Data to process:
-------------------------

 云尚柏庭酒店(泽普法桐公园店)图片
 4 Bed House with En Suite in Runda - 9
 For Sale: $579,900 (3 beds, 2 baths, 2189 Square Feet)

-------------------------

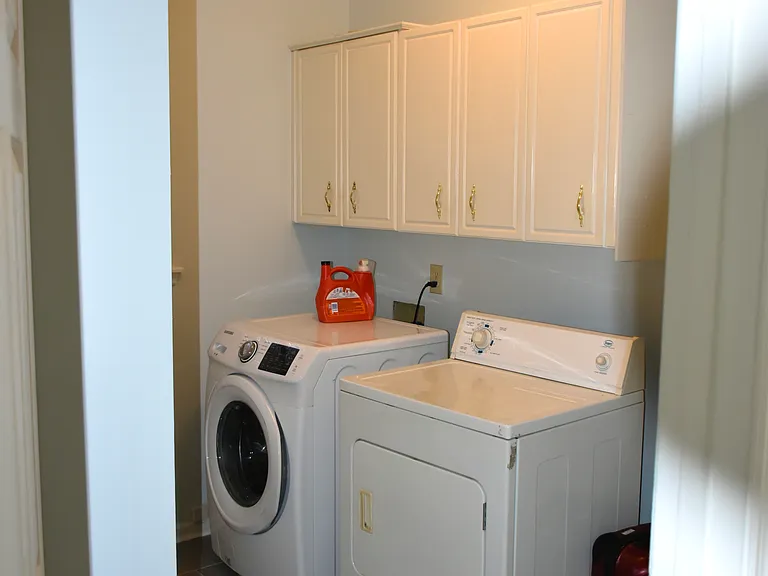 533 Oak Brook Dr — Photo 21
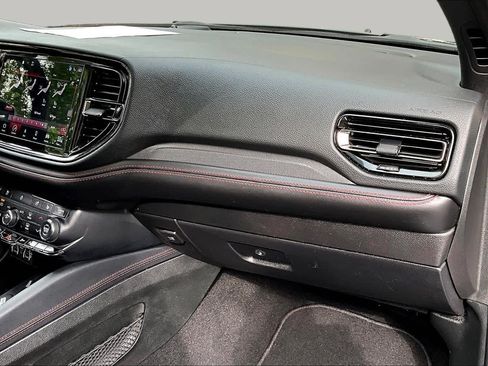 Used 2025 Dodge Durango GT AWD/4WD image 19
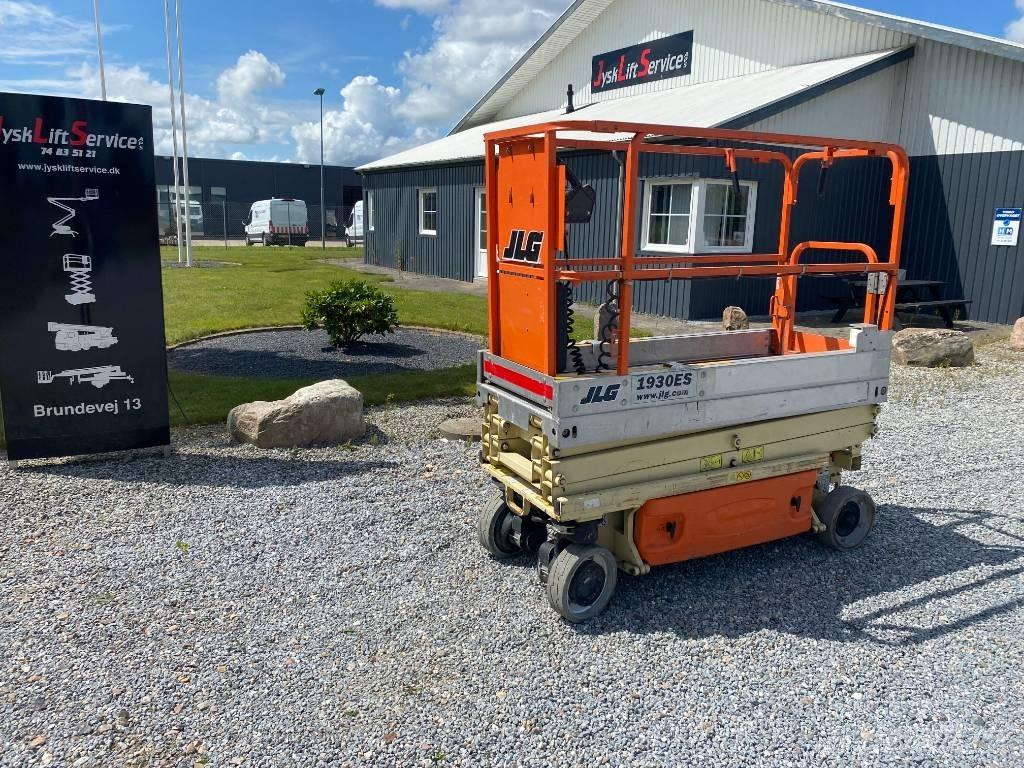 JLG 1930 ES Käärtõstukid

-------------------------

What you have to do: Where the line holding "4 Bed House with En Suite in Runda - 9" appears in the listing above, start reproducing exactly, and end with the line holding "For Sale: $579,900".

Response to this exercise:
 4 Bed House with En Suite in Runda - 9
 For Sale: $579,900 (3 beds, 2 baths, 2189 Square Feet)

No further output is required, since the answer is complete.